CDS 3.5 Powered by Apache Spark Overview

Apache Spark is a general framework for distributed computing that offers high performance for both batch and interactive processing. It exposes APIs for Java, Python, and Scala. This document describes CDS 3.5 Powered by Apache Spark. CDS (Cloudera Distribution of Spark) enables you to install and evaluate the features of Apache Spark 3 without upgrading your CDP Private Cloud Base cluster.

For detailed API information, see the Apache Spark project site.

CDS 3.5 Powered by Apache Spark is an add-on service for CDP Private Cloud Base, distributed as a parcel and the Cloudera Service Descriptor file is available in Cloudera Manager for CDP 7.1.9.

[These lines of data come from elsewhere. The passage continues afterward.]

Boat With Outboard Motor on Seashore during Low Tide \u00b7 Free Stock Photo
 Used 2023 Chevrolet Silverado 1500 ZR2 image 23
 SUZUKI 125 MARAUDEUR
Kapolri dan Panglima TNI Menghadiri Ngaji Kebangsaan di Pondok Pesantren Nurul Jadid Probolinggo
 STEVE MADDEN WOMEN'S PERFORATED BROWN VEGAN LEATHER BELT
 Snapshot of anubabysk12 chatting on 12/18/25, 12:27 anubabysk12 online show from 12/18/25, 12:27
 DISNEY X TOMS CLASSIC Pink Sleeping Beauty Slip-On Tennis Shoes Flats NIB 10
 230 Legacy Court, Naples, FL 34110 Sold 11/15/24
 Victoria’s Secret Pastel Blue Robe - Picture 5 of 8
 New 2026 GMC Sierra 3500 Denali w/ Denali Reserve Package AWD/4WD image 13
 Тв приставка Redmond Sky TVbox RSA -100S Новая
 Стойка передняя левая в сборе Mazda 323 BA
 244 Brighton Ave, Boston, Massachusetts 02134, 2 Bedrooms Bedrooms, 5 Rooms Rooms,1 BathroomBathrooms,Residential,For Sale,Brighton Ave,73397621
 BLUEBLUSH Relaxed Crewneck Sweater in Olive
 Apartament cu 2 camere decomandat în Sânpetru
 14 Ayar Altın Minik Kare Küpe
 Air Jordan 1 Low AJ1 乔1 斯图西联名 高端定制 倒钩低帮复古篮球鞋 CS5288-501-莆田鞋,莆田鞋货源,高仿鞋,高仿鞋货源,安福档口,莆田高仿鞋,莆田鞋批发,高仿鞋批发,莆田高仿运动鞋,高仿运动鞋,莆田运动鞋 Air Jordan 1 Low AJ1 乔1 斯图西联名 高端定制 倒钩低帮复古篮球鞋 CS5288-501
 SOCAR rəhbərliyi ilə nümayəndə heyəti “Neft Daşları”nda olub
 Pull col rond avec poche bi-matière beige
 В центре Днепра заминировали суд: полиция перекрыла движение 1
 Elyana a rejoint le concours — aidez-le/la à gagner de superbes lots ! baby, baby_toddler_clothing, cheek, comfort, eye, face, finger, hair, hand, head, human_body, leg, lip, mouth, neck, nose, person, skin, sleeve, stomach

On CDP Private Cloud Base, a Spark 3 service can coexist with the existing Spark 2 service. The configurations of the two services do not conflict and both services use the same YARN service. The port of the Spark History Server is 18088 for Spark 2 and 18089 for Spark 3.

CDS 3.5 for GPUs

The RAPIDS Accelerator for Apache Spark is not supported with CDS 3.5.

Unsupported connectors

This release does not support the following connectors:

SparkR

Unsupported Features

This release does not support the following feature:

Hudi
Push-based shuffle
The use of Iceberg tables is not supported in Spark Streaming
Read/Write operations to a Hive bucketed table is unsupported
Spark RAPIDS
Spark Connect
The HBase Connector's Atlas lineage generation is not supported in the Spark-Atlas Connector
The Hive Warehouse Connector's Atlas lineage generation is not supported in the Spark-Atlas Connector
Atlas lineage is not captured for MERGE INTO operations on Iceberg tables

Limitations of Spark in CDP

Limitations of Spark (in comparison to Apache Spark 3.5) in CDP are described below:

spark.sql.orc.compression.codec config doesn't accept zsdt value.